Ungemütliche Tage für Innenminister Gerhard Karner (ÖVP). Heute musste er vor dem Korruptions-U-Ausschuss erklären, warum er als Innenminister gezögert hat, den sich seit Monaten entziehenden Thomas Schmid polizeilich vorführen zu lassen. Seit Dienstag steht er außerdem unter Plagiatsverdacht. Ja – es ist wieder einmal der akademische Abschluss, dessen Rechtmäßigkeit angezweifelt wird. Und ja – es ist wieder der „Plagiatsjäger“ Stefan Weber, der die Vorwürfe erhebt, und zwar auf seinem „Blog für wissenschaftliche Redlichkeit“, den der Salzburger Privatdozent seit 2010 betreibt.
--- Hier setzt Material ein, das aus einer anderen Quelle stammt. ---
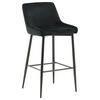 BARPALL SET i svart  - svart, Design, metall/textil (48/105/57cm) - Livetastic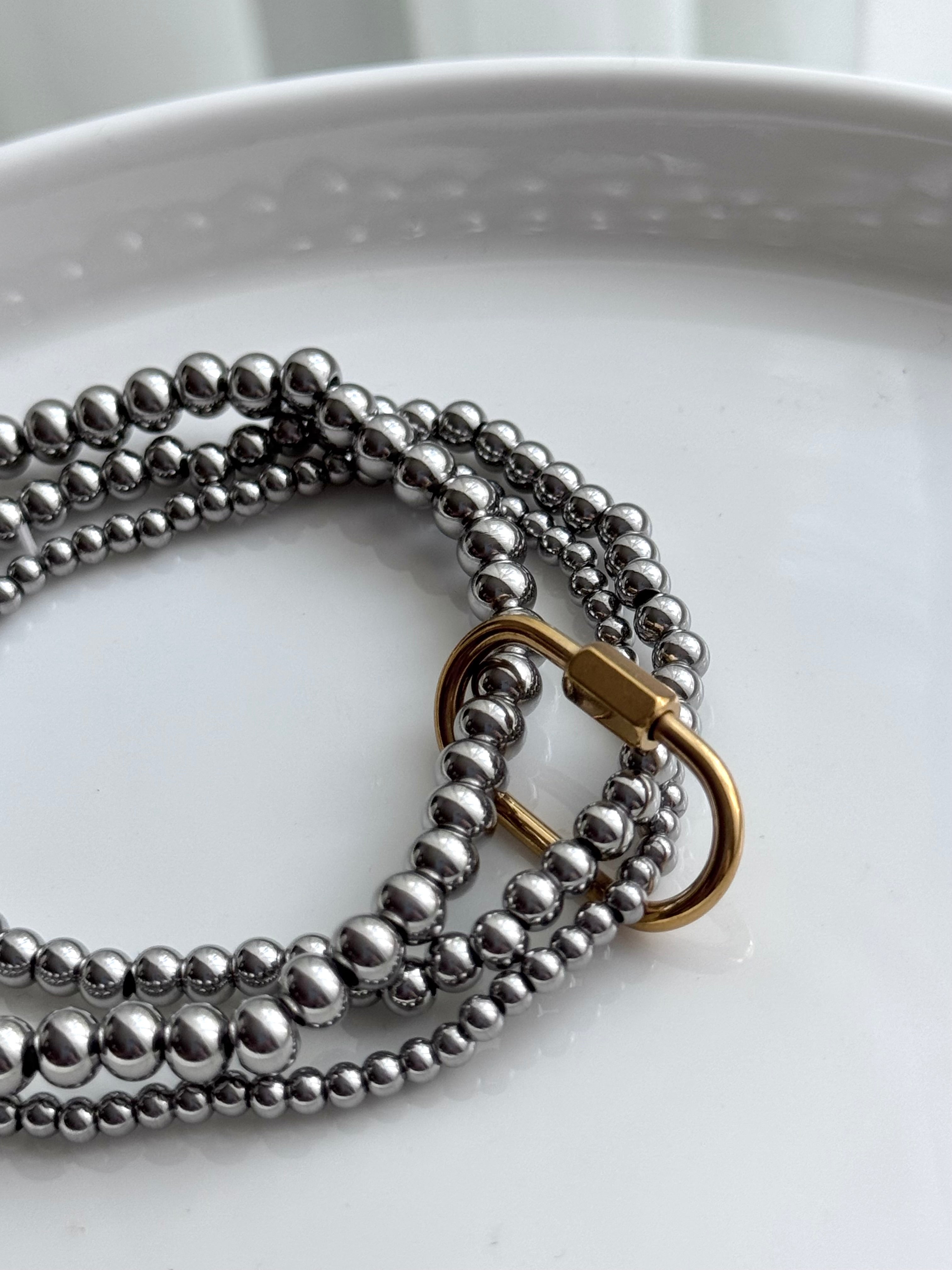 PULSERA TRIPLE CON EBILLA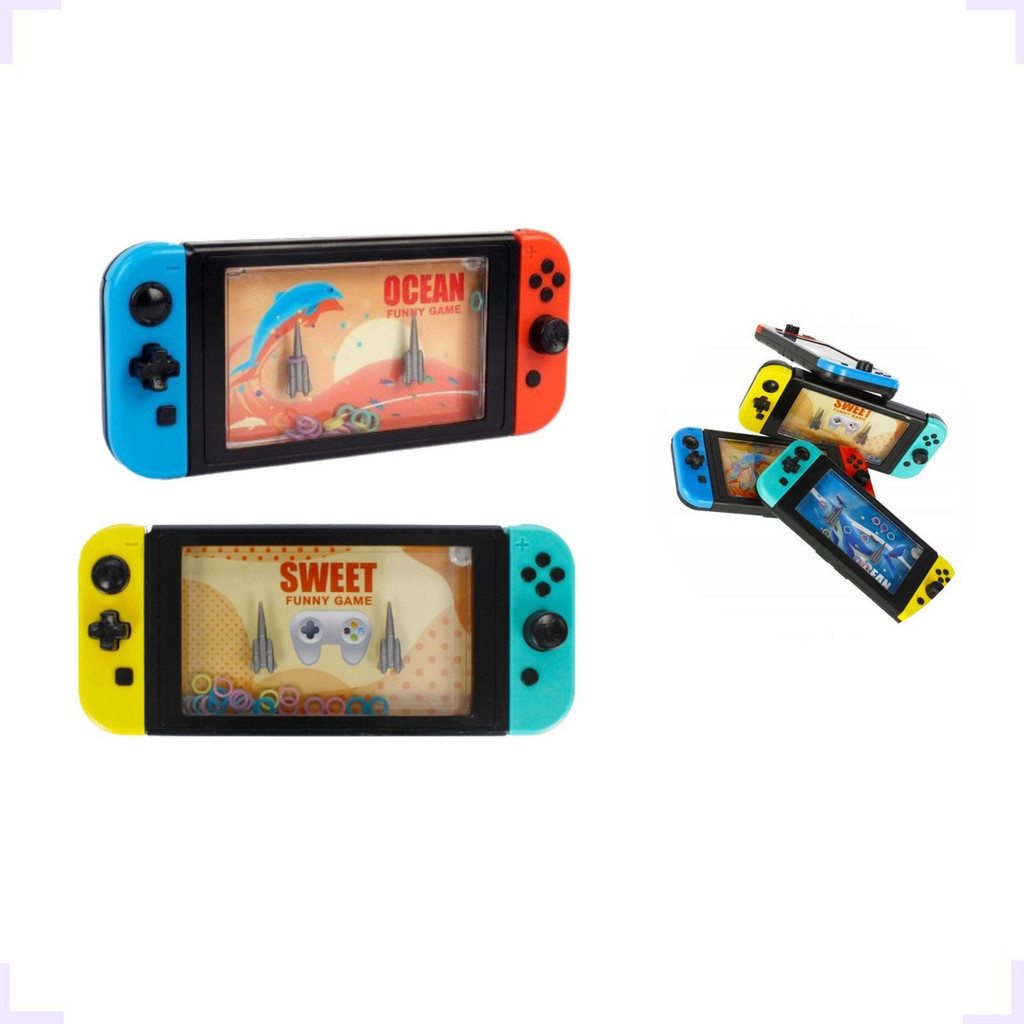 Mini Game Aquaplay P/criança Infantil Video Game Aquatico | Shopee Brasil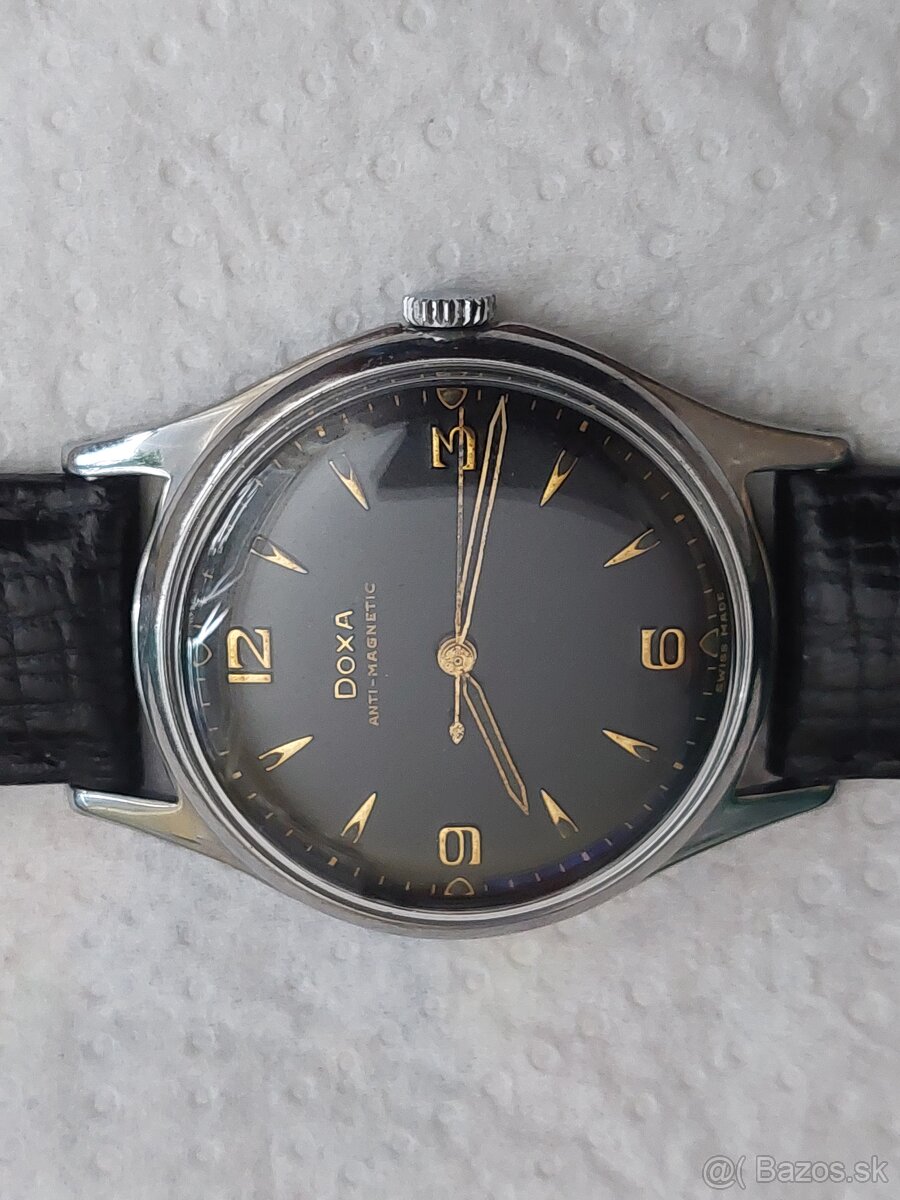 Doxa black military 50.roky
Diplomarbeit über Entscheidungsprozesse

Gerhard Karner, geboren 1977 in Melk, hat 1995 seinen Magistertitel im Fach Betriebswirtschaftslehre an der Wirtschaftsuni Wien erworben. Seine Diplomarbeit trägt den Titel „Qual der Wahl. Entscheidungsfindung bzw. Entscheidungsverhalten bei der Wahl der Speziellen Betriebswirtschaftslehren an der Wirtschaftsuniversität Wien“. Laut Stefan Weber hat Karner damals den Theorieteil aus dem Werk "Information und Kaufentscheidung" von Alfred Kuß (das ist ein Wirtschaftswissenschaftler der FU Berlin) zu großen Teilen wörtlich abgeschrieben.

Weber-Gutachten über Karner | Bildschirmfoto

Karner weist Vorwürfe zurück

Und zwar ohne Verwendung von Gänsefüßchen und Quellenangabe, wie es die wissenschaftliche Redlichkeit gebietet. Kuß wird zwar im Literaturnachweis angegeben und auch einige Male richtig zitiert, aber halt nicht durchgehend, sagt Weber. Laut standard.at hat Gerhard Karner die Vorwürfe zurückgewiesen. "Die gesamte Arbeit wurde nach guter wissenschaftlicher Praxis und nach bestem Wissen und Gewissen verfasst“, richtete Karner dem „Standard“ aus. Er habe „entsprechend den geltenden wissenschaftlichen Standards und den technischen Möglichkeiten der damaligen Zeit" gearbeitet. Nachsatz: Der Verfasser dieses Berichts hat selbst in den 1990-er Jahren seine Diplomarbeit geschrieben und kann bestätigen, dass die damals „geltenden wissenschaftlichen Standards“ des korrekten Zitierens keine anderen waren als die heutigen.